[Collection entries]
• • • • •

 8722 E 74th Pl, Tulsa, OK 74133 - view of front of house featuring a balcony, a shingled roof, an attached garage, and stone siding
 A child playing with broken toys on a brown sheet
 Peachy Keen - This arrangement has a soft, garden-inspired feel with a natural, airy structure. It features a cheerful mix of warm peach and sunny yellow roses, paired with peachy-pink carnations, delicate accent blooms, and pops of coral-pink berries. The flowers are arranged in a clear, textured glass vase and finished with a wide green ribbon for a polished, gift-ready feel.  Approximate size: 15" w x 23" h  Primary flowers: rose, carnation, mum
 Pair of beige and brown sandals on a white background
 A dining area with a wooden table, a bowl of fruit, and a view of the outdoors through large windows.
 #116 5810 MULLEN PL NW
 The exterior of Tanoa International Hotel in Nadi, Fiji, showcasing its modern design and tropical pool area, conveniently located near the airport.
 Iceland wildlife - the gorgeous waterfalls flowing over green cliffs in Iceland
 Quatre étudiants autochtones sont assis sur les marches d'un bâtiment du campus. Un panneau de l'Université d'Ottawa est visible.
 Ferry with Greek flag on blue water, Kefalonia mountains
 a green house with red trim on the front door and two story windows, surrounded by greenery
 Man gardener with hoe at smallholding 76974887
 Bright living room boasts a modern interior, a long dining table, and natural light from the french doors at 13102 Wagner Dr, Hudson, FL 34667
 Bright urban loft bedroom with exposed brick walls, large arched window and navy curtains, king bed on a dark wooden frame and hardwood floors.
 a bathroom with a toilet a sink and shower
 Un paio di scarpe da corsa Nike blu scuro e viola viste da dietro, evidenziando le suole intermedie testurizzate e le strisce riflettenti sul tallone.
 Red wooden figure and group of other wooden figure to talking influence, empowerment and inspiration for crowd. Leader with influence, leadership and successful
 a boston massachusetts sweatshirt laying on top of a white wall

• • • • •

◆ Activity
Would you quote, exactly and only, the lines from the one containing "Ferry with Greek" to the end of the entries?

◆ Task output
 Ferry with Greek flag on blue water, Kefalonia mountains
 a green house with red trim on the front door and two story windows, surrounded by greenery
 Man gardener with hoe at smallholding 76974887
 Bright living room boasts a modern interior, a long dining table, and natural light from the french doors at 13102 Wagner Dr, Hudson, FL 34667
 Bright urban loft bedroom with exposed brick walls, large arched window and navy curtains, king bed on a dark wooden frame and hardwood floors.
 a bathroom with a toilet a sink and shower
 Un paio di scarpe da corsa Nike blu scuro e viola viste da dietro, evidenziando le suole intermedie testurizzate e le strisce riflettenti sul tallone.
 Red wooden figure and group of other wooden figure to talking influence, empowerment and inspiration for crowd. Leader with influence, leadership and successful
 a boston massachusetts sweatshirt laying on top of a white wall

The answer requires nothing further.